It’s easy to take the focus off your financial behaviors when you’re busy trying to build a successful business. But as Thomas Corley, author of Rich Habits: The Daily Habits of Successful People found when he spent five years researching the financial habits of “wealthy people” ( defined as having annual income of $160,000+ and net worth of $3.2 million), the sum total of all your little financial habits has major bearing on whether you’ll be a rich entrepreneur, or a poor one.
Here are ten small but mighty financial behaviors all entrepreneurs should embrace.
1. Check in with your finances each month. You can’t manage financial activity you don’t know about. In Corley’s research, 94% of the “wealthy” respondents (many of whom were “self-made”) were in the habit of balancing their checkbooks and checking in with their finances at the end of each month to see where they stood—compared to just 32% of the “poor” respondents, who he defined as those with a liquid net worth of less than $5,000.
Though it can be tempting to look the other way when your bank account isn’t where you want it to be, keeping your eye on your eye on the financial facts of your business ensures you can choose your best course of action, versus being left to react to whatever the competitive environment presents.
2. Use credit cards strategically. Credit cards may feel like the easiest place to turn when you’re boot strapping a business, but their high interest rates and potential impact on your personal credit score can jeopardize your long term financial success– particularly if you charge expenses you can’t cover in full. Not only did Corley’s data indicate only 5% of the rich carry a balance on their credit card (compared to 90% of the poor), those that did never let their credit card balance exceed $5,000.
3. Put your goals on paper. What are your financial goals for your business today, this week, this month—and this year? How close are you to reaching them? Ask these questions habitually, and hold yourself accountable. Nearly 70% of the rich respondents to Corley’s study said they always write down their goals; 67% of them set new goals each year—and 62% set new goals for each day.
4. Use the professionals to your advantage. Admitting you are not a financial expert doesn’t make you a less successful entrepreneur; it makes you wise. In fact, 100% of the “wealthy” respondents to Corley’s study use a certified public accountant to guide them in their financial decisions. (As an entrepreneur, you have the added bonus of being able to deduct those professional fees as a cost of doing business when you file taxes).
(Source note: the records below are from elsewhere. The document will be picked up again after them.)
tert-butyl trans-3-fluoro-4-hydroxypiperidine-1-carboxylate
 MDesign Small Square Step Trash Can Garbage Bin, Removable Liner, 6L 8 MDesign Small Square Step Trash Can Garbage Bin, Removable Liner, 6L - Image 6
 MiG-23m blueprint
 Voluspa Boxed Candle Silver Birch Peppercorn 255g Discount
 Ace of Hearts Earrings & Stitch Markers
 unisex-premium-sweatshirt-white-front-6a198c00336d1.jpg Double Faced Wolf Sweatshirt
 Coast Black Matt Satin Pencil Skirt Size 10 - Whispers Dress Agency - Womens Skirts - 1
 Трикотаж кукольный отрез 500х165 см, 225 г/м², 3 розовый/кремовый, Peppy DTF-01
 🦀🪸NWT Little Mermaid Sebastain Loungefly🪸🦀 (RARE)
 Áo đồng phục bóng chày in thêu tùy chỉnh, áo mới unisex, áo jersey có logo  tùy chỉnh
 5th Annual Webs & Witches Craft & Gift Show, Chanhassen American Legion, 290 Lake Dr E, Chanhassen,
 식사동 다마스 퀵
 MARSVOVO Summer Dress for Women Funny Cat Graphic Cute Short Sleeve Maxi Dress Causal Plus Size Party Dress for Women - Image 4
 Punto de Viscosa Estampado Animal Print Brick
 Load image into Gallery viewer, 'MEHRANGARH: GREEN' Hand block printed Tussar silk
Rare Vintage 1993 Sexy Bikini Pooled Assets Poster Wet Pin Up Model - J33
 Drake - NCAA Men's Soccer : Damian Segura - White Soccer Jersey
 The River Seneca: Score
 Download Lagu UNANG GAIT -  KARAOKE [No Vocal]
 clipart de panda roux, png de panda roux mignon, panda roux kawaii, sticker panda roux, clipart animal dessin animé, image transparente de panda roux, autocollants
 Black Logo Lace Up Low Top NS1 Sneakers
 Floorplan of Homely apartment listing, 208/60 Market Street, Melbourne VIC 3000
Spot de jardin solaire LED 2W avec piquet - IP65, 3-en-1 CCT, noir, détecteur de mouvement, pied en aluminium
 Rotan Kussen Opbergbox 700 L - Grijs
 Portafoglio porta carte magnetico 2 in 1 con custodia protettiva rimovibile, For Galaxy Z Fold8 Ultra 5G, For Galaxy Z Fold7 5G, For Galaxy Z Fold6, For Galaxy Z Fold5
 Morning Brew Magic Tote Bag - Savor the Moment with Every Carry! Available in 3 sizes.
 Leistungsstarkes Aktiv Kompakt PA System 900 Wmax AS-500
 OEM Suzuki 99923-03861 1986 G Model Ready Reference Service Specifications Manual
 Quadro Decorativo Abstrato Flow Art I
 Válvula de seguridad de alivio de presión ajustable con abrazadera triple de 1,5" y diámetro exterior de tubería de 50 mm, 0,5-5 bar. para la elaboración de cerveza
5. Be your own brand ambassador. Who you know can help you succeed as a business owner, but you have to invest the time to build your personal entrepreneurial brand. More than 60% of the wealthy respondents to Corley’s study said that “self-promoting” is important to obtaining financial success; more than half use their lunch hour to network, and nearly 80% spent at least five hours a month making new business connections.
6. Don’t put all your eggs in one bucket. Owning a business isn’t unlike investing in the stock market. Though opportunities for the greatest rewards often involve risk, you’re less exposed to uncertainty—and better primed for success–when you diversify. Consider ways to reduce your own dependence on own sole source of income: 65% of the wealthy respondents in Corley’s study had at least three income streams.
7. Stay aware of your financial surroundings. Staying in tune with the broader financial environment that impacts your businesses’ finances—including interest rates, lending options, investment opportunities, global stock market activity and changes in tax laws– equips you to be proactive in your conversations with financial professionals—even if you ultimately rely on their advice. Nearly half of the “wealthy” surveyed by Corley they regularly read financial news from credible sources like the Wall Street Journal.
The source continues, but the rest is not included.